Efficiency gains aren't the same as risk reduction
The 17% decline in manual review volume reflects real operational progress: stronger automation, more precise decision logic, less friction for legitimate users. But when review volume falls while chargebacks rise simultaneously, that combination can indicate decision thresholds are well-tuned for speed but not fully calibrated for more sophisticated attack patterns.
Reducing manual review should free analysts for complex, high-value investigation. When efficiency metrics and chargeback loss metrics simultaneously increase, merchants should audit where automation is working effectively and where human judgment can reduce some of these more complex fraud attempts.
Industry context changes everything
Fraud exposure doesn't distribute evenly across business models, and comparing rates to a broad industry average can lead teams to the wrong conclusions. A 3.7% payment fraud attack rate in food and delivery reflects the speed-first, high-volume nature of that environment. A 0.4% attack rate in online gambling sounds low, until you account for the fact that high-value transactions concentrate dispute risk in ways that raw attack volume doesn't capture.
Internet and software companies face elevated chargeback exposure for a specific reason: subscription models and stored credentials are convenient for fraudulent and legitimate users alike. The same features that reduce checkout friction also lower the barrier for account compromise. This is why peer benchmarking matters more than absolute numbers. A rate that looks alarming in isolation may be typical for a specific segment, while a rate that looks clean may signal under-detection.
The trust dimension
Fraud's impact on consumer behavior rarely makes it into internal loss calculations, but it belongs there. When 52% of consumers say they would stop using a platform after experiencing fraud, and 73% say they've abandoned a purchase due to payment security concerns, fraud goes from a finance problem to a growth problem.
Losing a customer to fraud isn't only a one-time transaction loss. It's the cumulative value of everything that a customer would have spent, plus the reputational cost when trust erodes publicly. Customers rarely distinguish between attacker behavior and platform responsibility. If an account gets compromised, the brand absorbs the perception hit.

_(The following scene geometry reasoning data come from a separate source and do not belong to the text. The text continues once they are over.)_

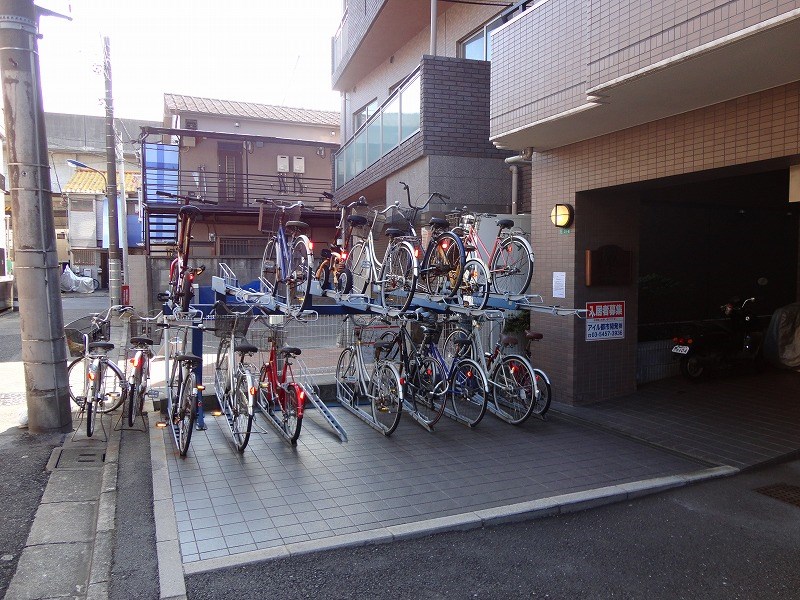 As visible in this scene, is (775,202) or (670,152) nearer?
(670,152)

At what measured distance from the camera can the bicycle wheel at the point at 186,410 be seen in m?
6.04

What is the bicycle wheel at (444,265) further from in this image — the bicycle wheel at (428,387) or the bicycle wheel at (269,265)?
the bicycle wheel at (269,265)

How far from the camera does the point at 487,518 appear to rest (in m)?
4.67

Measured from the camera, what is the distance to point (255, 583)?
3.76 metres

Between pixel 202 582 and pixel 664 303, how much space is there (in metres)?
9.00

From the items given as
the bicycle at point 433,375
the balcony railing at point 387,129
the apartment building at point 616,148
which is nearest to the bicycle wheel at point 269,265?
the bicycle at point 433,375

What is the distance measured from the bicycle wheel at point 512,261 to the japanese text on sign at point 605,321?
1686mm

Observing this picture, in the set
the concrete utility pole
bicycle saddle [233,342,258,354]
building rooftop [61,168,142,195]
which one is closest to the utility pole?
the concrete utility pole

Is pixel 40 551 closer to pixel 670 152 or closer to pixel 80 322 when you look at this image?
pixel 80 322

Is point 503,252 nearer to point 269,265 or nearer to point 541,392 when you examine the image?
point 541,392

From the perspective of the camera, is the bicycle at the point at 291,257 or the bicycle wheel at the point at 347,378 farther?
the bicycle wheel at the point at 347,378

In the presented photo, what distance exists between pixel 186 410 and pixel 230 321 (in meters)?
1.06

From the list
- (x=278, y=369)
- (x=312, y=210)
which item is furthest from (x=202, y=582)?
(x=312, y=210)

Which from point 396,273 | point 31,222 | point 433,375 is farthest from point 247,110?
point 433,375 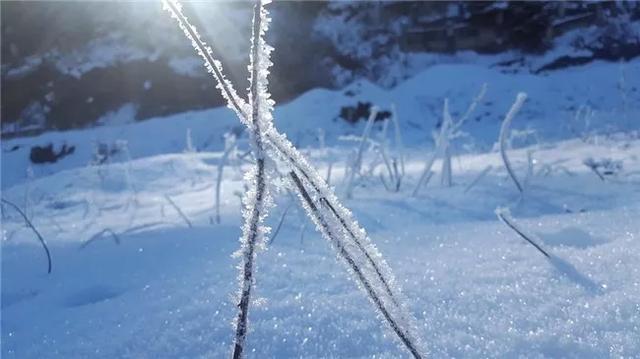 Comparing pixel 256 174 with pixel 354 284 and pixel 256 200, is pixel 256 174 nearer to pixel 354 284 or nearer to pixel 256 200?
pixel 256 200

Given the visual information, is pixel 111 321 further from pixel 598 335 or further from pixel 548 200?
pixel 548 200

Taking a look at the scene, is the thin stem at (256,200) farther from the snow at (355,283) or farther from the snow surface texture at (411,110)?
the snow surface texture at (411,110)

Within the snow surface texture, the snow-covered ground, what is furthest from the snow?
the snow surface texture

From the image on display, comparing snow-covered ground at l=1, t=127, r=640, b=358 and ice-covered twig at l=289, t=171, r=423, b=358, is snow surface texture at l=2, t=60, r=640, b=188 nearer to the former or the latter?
snow-covered ground at l=1, t=127, r=640, b=358

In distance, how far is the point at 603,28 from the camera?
13.1 metres

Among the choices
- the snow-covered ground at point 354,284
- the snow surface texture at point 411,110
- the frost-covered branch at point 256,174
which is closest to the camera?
the frost-covered branch at point 256,174

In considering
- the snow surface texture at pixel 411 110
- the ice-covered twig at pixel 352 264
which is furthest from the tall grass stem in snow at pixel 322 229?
the snow surface texture at pixel 411 110

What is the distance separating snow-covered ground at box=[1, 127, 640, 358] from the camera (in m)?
0.74

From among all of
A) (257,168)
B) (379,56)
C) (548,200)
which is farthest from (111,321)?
(379,56)

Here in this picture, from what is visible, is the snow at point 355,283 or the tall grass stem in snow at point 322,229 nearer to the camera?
the tall grass stem in snow at point 322,229

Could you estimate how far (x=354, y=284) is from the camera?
99 cm

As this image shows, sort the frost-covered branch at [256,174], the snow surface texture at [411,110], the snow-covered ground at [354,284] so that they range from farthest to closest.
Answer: the snow surface texture at [411,110] → the snow-covered ground at [354,284] → the frost-covered branch at [256,174]

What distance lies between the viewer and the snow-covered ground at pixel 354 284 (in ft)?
2.44

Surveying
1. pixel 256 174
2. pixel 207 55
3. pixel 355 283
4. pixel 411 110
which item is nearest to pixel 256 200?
pixel 256 174
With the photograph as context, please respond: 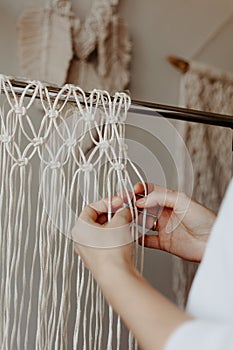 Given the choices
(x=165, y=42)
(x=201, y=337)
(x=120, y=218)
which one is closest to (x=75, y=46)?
(x=165, y=42)

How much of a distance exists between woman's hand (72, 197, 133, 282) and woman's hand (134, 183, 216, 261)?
0.06 metres

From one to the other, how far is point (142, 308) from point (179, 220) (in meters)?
0.39

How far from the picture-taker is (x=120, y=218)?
0.83 meters

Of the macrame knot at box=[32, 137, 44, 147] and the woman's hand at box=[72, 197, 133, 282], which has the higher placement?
the macrame knot at box=[32, 137, 44, 147]

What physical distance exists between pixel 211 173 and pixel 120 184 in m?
0.93

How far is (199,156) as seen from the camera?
6.07 ft

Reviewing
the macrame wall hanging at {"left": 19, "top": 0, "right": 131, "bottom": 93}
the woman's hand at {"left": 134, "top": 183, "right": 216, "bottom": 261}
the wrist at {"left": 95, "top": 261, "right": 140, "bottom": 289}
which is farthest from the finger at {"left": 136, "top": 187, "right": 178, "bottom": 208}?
the macrame wall hanging at {"left": 19, "top": 0, "right": 131, "bottom": 93}

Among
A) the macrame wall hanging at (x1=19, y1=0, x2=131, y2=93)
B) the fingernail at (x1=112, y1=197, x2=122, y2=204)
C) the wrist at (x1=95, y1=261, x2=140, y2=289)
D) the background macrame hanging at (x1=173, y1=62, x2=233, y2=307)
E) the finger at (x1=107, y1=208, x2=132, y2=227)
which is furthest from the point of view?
the background macrame hanging at (x1=173, y1=62, x2=233, y2=307)

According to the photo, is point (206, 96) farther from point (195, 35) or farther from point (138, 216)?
point (138, 216)

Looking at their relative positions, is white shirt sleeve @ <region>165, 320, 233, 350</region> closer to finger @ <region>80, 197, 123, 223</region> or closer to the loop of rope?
finger @ <region>80, 197, 123, 223</region>

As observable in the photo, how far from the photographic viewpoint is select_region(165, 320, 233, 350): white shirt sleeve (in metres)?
0.51

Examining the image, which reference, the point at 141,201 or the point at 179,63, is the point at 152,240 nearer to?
the point at 141,201

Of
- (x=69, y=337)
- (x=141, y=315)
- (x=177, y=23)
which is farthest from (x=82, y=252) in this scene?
(x=177, y=23)

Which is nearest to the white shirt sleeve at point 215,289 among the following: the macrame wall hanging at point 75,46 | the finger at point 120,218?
the finger at point 120,218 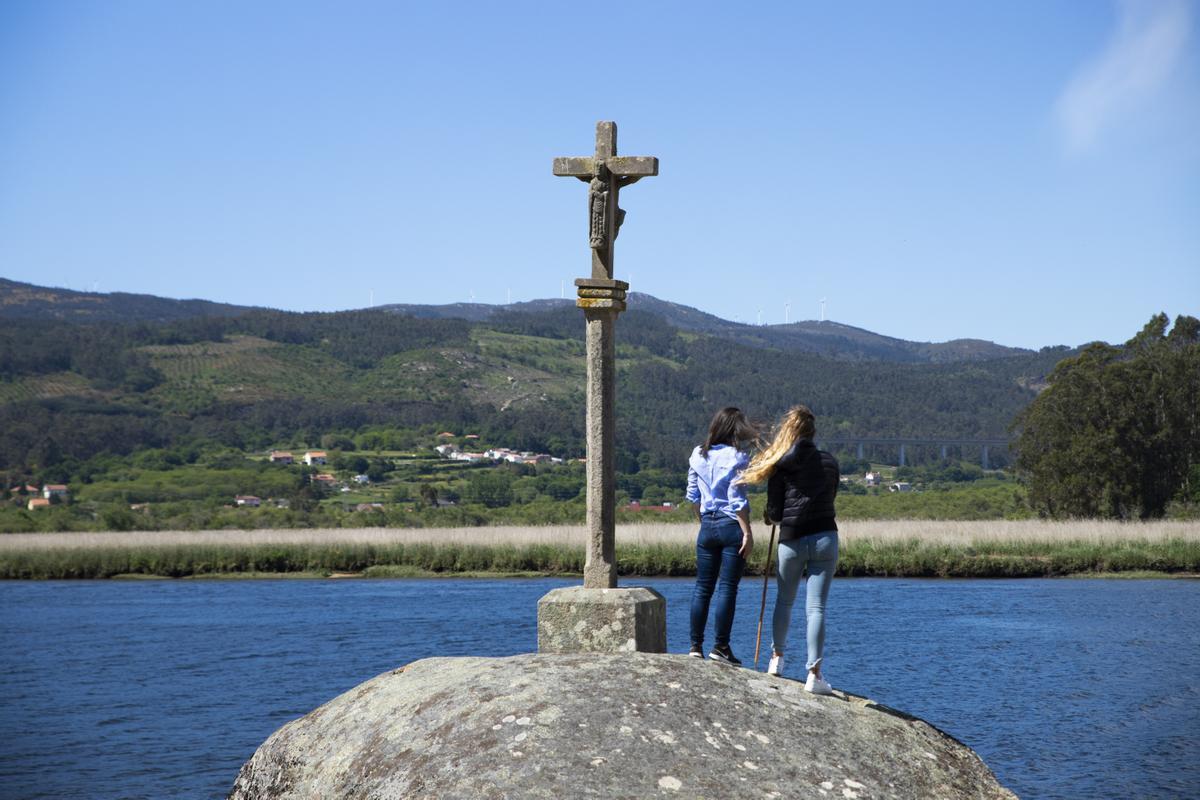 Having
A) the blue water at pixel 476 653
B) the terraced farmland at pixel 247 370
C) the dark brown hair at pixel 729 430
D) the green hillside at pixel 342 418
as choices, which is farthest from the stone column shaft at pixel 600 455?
the terraced farmland at pixel 247 370

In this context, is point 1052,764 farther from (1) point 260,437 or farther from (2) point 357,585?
(1) point 260,437

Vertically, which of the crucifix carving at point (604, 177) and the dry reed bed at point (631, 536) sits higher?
the crucifix carving at point (604, 177)

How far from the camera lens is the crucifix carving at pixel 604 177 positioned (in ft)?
40.1

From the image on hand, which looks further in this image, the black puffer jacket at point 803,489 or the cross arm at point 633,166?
the cross arm at point 633,166

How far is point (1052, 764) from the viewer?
55.0 feet

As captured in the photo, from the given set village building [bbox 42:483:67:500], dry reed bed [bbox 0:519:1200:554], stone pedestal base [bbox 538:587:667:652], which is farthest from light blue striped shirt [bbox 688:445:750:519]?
village building [bbox 42:483:67:500]

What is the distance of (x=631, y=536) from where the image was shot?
45.0m

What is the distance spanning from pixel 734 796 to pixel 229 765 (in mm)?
10755

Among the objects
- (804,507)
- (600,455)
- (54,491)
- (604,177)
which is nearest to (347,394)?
(54,491)

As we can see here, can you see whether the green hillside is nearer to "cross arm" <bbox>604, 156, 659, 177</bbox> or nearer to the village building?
the village building

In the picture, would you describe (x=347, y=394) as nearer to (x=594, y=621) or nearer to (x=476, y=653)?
(x=476, y=653)

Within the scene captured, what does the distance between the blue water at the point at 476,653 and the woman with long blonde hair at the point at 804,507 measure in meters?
5.94

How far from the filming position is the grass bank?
4203cm

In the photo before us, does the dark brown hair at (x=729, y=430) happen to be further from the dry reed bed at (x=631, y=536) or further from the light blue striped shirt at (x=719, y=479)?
the dry reed bed at (x=631, y=536)
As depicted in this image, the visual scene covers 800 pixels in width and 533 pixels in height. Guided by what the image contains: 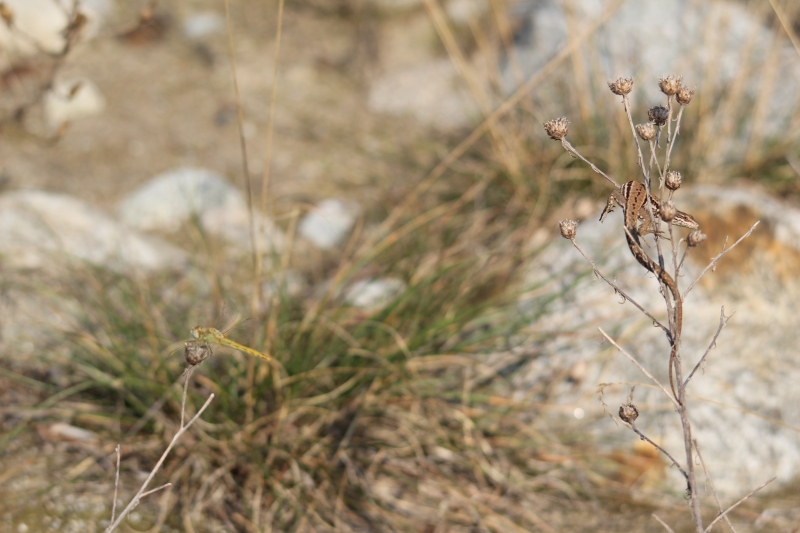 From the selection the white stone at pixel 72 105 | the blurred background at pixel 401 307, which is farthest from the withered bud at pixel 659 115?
the white stone at pixel 72 105

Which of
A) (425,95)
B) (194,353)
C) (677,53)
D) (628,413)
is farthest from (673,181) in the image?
(425,95)

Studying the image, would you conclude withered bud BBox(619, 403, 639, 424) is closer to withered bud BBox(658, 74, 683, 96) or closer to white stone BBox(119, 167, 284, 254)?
withered bud BBox(658, 74, 683, 96)

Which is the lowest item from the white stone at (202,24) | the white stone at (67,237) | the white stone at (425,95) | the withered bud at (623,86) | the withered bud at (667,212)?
the withered bud at (667,212)

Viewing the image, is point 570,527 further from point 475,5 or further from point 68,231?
point 475,5

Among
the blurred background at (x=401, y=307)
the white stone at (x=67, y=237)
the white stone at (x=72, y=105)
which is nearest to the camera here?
the blurred background at (x=401, y=307)

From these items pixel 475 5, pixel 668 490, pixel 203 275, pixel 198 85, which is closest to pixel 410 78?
pixel 475 5

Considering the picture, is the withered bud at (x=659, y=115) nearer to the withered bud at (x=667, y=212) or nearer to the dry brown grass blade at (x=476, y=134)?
the withered bud at (x=667, y=212)
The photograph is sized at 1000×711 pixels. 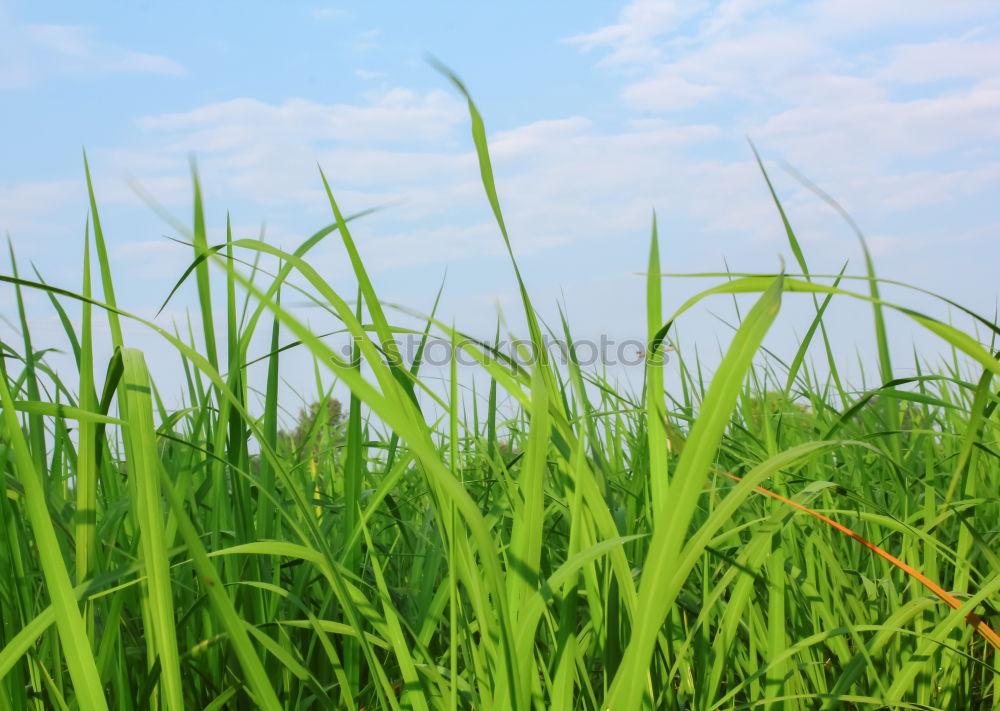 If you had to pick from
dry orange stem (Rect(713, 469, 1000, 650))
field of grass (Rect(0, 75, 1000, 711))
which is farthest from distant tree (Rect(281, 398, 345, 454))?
dry orange stem (Rect(713, 469, 1000, 650))

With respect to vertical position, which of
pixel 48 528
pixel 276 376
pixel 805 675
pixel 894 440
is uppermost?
pixel 276 376

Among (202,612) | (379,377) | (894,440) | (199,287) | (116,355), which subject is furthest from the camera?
(894,440)

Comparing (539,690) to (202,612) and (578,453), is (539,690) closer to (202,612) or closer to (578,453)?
(578,453)

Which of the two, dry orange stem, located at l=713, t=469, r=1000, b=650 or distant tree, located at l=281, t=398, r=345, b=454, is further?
distant tree, located at l=281, t=398, r=345, b=454

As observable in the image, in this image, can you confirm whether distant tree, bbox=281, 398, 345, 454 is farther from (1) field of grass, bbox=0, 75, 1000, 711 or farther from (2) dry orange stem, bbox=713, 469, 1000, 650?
(2) dry orange stem, bbox=713, 469, 1000, 650

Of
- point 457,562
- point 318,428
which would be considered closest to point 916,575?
point 457,562

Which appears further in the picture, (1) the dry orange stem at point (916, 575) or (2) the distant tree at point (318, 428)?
(2) the distant tree at point (318, 428)

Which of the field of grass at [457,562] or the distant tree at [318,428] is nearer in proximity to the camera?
the field of grass at [457,562]

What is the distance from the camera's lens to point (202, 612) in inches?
46.7

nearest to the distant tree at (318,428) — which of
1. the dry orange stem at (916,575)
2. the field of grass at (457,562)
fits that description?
the field of grass at (457,562)

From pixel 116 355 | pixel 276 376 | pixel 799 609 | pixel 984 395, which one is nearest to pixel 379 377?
pixel 116 355

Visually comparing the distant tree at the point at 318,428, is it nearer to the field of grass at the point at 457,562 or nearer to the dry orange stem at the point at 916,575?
the field of grass at the point at 457,562

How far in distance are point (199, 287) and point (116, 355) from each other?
0.28m

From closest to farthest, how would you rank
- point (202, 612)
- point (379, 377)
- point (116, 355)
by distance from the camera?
point (379, 377) → point (116, 355) → point (202, 612) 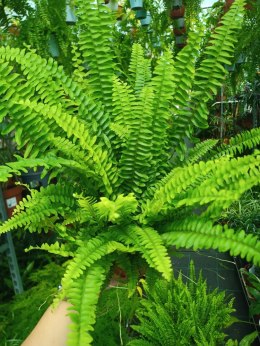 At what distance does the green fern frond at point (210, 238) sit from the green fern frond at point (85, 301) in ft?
0.44

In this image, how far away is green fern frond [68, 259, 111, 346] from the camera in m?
0.49

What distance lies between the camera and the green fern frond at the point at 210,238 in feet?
1.66

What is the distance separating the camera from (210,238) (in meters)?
0.55

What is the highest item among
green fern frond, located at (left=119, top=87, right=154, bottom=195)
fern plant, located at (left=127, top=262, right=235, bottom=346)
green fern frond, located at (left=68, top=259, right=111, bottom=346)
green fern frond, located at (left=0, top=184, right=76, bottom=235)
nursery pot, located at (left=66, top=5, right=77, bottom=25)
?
nursery pot, located at (left=66, top=5, right=77, bottom=25)

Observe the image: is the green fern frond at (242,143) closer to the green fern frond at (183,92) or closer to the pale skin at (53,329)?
the green fern frond at (183,92)

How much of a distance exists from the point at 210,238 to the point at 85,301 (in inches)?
8.7

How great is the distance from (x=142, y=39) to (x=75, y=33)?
58 cm

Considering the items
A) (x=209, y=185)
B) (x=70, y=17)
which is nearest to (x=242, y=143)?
(x=209, y=185)

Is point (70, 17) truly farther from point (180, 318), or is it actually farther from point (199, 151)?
point (180, 318)

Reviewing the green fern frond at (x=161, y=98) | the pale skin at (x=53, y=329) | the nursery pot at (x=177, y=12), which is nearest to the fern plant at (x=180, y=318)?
the pale skin at (x=53, y=329)

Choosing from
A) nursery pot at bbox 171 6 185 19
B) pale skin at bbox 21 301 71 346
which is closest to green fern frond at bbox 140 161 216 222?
pale skin at bbox 21 301 71 346

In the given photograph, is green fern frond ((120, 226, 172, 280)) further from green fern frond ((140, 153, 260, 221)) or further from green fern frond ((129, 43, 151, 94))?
green fern frond ((129, 43, 151, 94))

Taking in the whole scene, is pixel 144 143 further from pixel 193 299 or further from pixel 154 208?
pixel 193 299

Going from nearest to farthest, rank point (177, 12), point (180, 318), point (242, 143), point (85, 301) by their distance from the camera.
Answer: point (85, 301), point (242, 143), point (180, 318), point (177, 12) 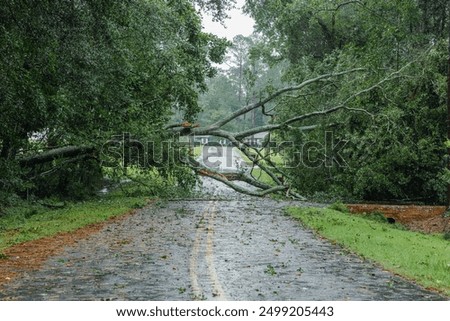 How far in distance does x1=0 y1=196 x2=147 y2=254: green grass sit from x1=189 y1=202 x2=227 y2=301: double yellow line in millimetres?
3292

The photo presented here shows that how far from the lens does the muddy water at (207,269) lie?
8578 mm

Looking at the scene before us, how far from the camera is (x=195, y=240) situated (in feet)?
48.1

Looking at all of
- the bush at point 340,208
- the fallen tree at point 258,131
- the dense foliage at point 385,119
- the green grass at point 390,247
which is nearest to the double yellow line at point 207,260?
the green grass at point 390,247

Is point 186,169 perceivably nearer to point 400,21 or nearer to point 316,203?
point 316,203

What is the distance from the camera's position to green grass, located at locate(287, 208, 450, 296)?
1053 cm

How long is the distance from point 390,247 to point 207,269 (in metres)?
5.35

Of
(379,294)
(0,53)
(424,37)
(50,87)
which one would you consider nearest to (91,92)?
(50,87)

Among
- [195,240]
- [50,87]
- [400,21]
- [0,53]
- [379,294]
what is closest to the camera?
[379,294]

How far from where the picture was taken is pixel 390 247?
1416 centimetres

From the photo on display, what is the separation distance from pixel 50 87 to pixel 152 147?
682 centimetres

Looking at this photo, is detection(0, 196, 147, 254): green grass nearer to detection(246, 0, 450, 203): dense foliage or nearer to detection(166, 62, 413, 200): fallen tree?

Measuring the right things
The practical reality is that a single metric, however directionally encouraging, doesn't tell the full story. The more useful questions are:
- Is chargeback exposure tracking with attack rate trends?
- Are manual review resources concentrated where complexity warrants them?
- Is account-level risk being measured longitudinally rather than only at the transaction moment?
Fraud concentrates where incentives are highest and where defenses haven't kept pace. The teams best positioned to stay ahead are the ones asking whether the numbers they're watching are the right ones.